En una casa de campo cercana a la ciudad de Cali, reside Hernán Mejía, un ingeniero jubilado desde hace unos años. Comparte su hogar con su fiel amigo Zico, un perro de la noble raza rhodesian que, de manera fortuita, llegó a su vida hace más de una década. Desde entonces, Zico ha sido su compañero incondicional, brindándole amor y compañía.
La historia entre Hernán y Zico tuvo sus comienzos en un momento de turbulencia en la vida de Hernán: un divorcio lo dejó solo en su casa de campo. Mientras tanto, Zico, antes un perro de una finca vecina, se encontró repentinamente sin hogar cuando sus dueños se mudaron sin él, dejándolo a la deriva. Sin embargo, la fortuna quiso que sus caminos se cruzaran.

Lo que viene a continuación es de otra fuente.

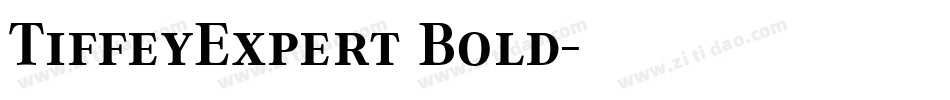 TiffeyExpert Bold字体转换
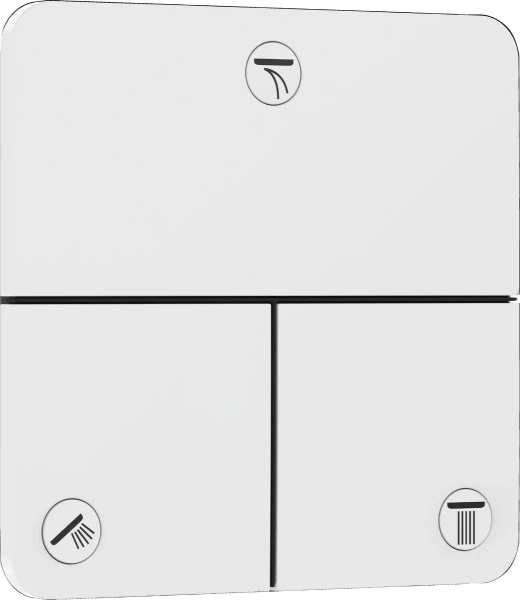 Hansgrohe Showerselect Comfort Q inverseur encastré avec 3 fonctions - blanc mat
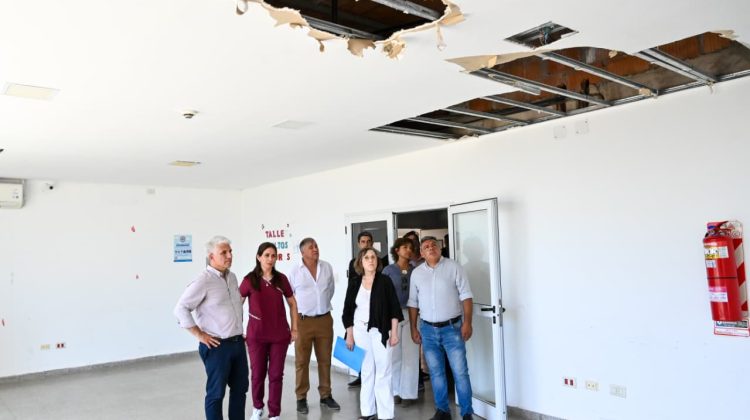 Poggi recorrió el centro de salud de Beazley y anunció obras para mejorar sus condiciones edilicias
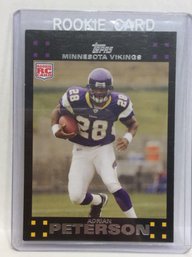 2007 Topps Adrian Peterson Rookie Card - K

Zico, un espíritu libre y aventurero, comenzó a visitar la casa de Hernán en busca de alimento y refugio. Aunque era un perro de todos los lados, sin ataduras ni compañía, encontró en Hernán algo más que comida: encontró un corazón cálido y compasivo que no dudó en ofrecerle su amor y cuidado.
Un día, Hernán se despertó para descubrir que Zico no solo se había comido la comida que le había dejado la noche anterior, sino que también lo encontró descansando pacíficamente bajo la escalera de la entrada. En ese momento, tanto Hernán como Zico supieron que estaban destinados a ser amigos y compañeros de vida para siempre.

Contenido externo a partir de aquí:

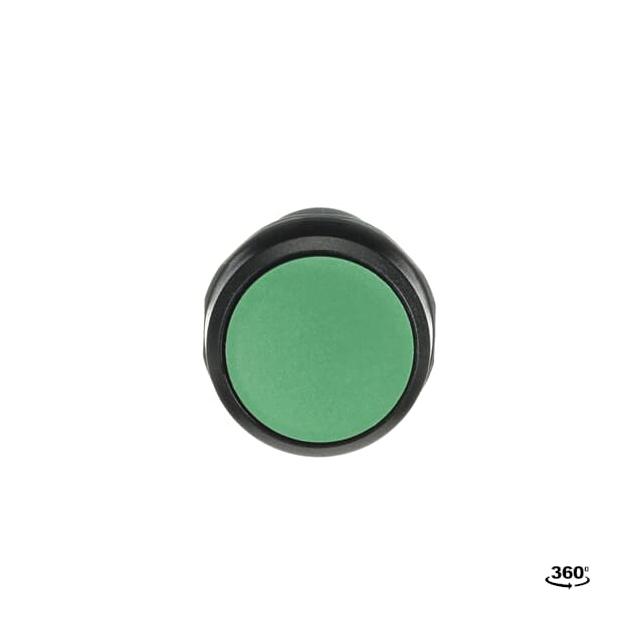 Przycisk mon. Wkl. 1NO1NC zielony CP1-10G-11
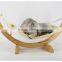 wooden Cat hammock with cushion soft pet bed durable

Con el paso del tiempo, Hernán encontró el amor de nuevo, pero esta vez, Zico también se convirtió en una parte integral de la familia. Su vínculo trascendió la mera relación humano-mascota; se convirtieron en confidentes, en cómplices de aventuras y en pilares de apoyo emocional el uno para el otro. Zico demostró que los lazos entre los seres humanos y los animales pueden ser tan profundos como los que existen entre las personas, y que su presencia puede llenar de alegría y consuelo los momentos más difíciles de la vida.